WHAT YOU NEED TO DO =
All entries need to be written out verbatim, with pictures omitted.

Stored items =
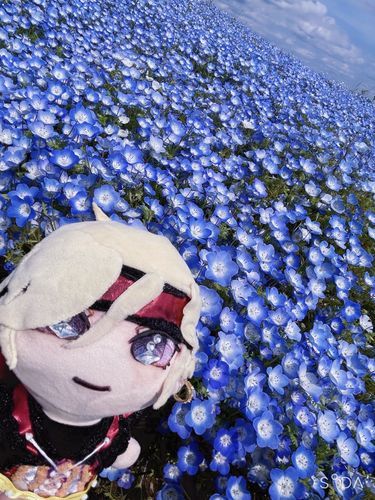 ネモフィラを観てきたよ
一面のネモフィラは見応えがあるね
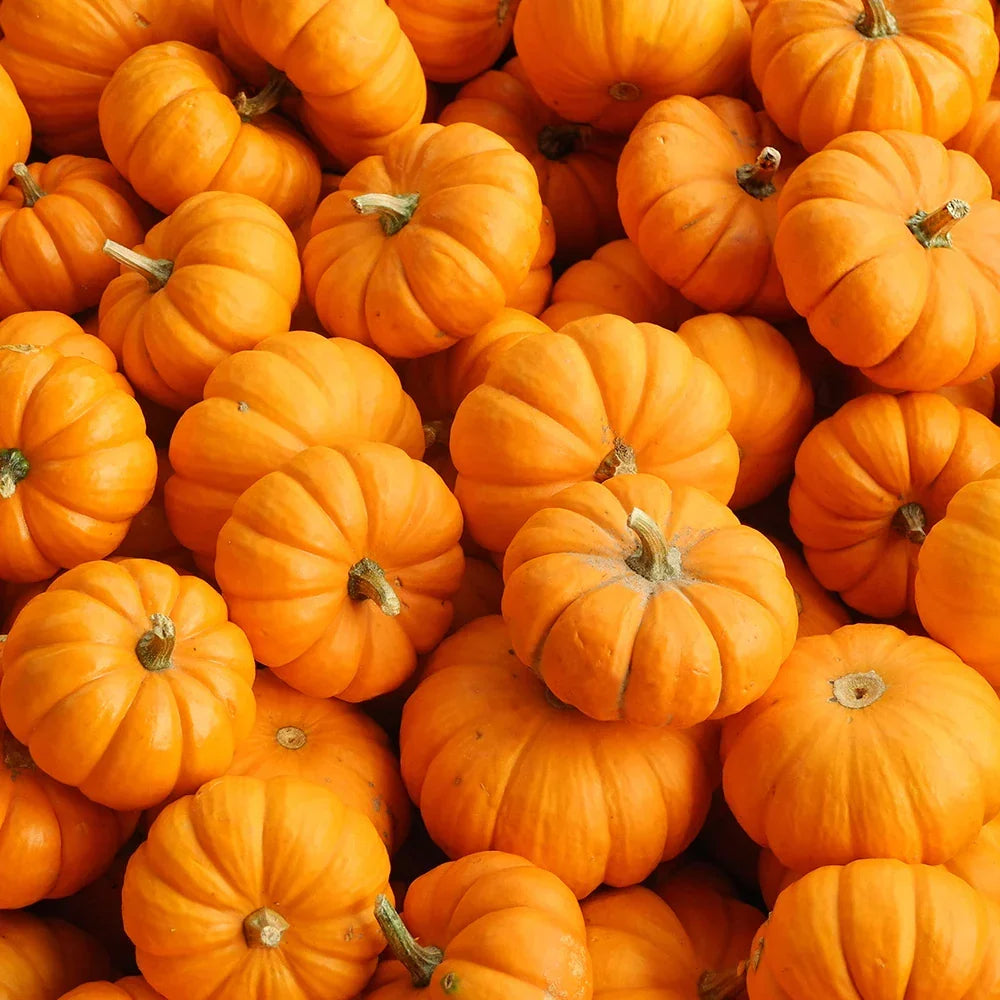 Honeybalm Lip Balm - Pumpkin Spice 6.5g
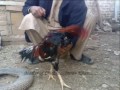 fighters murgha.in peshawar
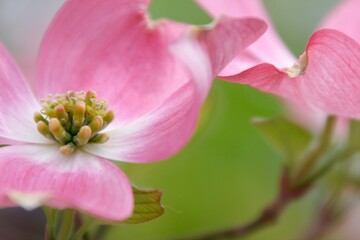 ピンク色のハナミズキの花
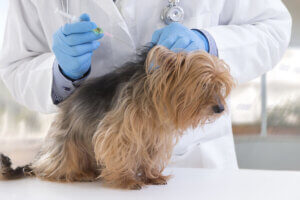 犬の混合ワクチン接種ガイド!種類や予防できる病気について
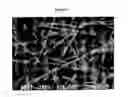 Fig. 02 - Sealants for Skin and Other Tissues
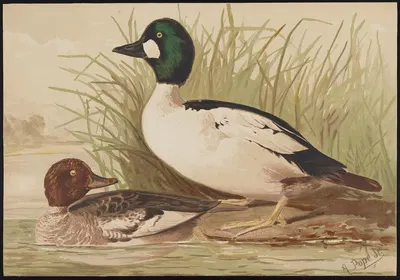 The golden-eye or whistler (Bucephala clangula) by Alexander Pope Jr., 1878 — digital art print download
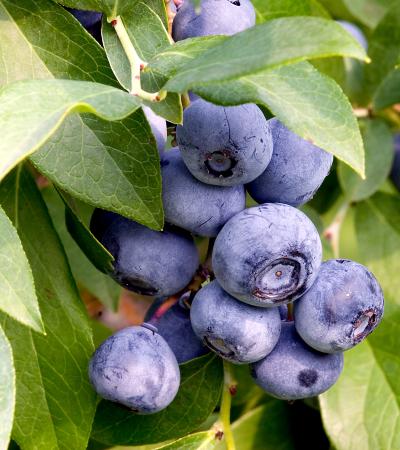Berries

OUTPUT BELOW =
 ネモフィラを観てきたよ
一面のネモフィラは見応えがあるね
 Honeybalm Lip Balm - Pumpkin Spice 6.5g
 fighters murgha.in peshawar
 ピンク色のハナミズキの花
 犬の混合ワクチン接種ガイド!種類や予防できる病気について
 Fig. 02 - Sealants for Skin and Other Tissues
 The golden-eye or whistler (Bucephala clangula) by Alexander Pope Jr., 1878 — digital art print download
Berries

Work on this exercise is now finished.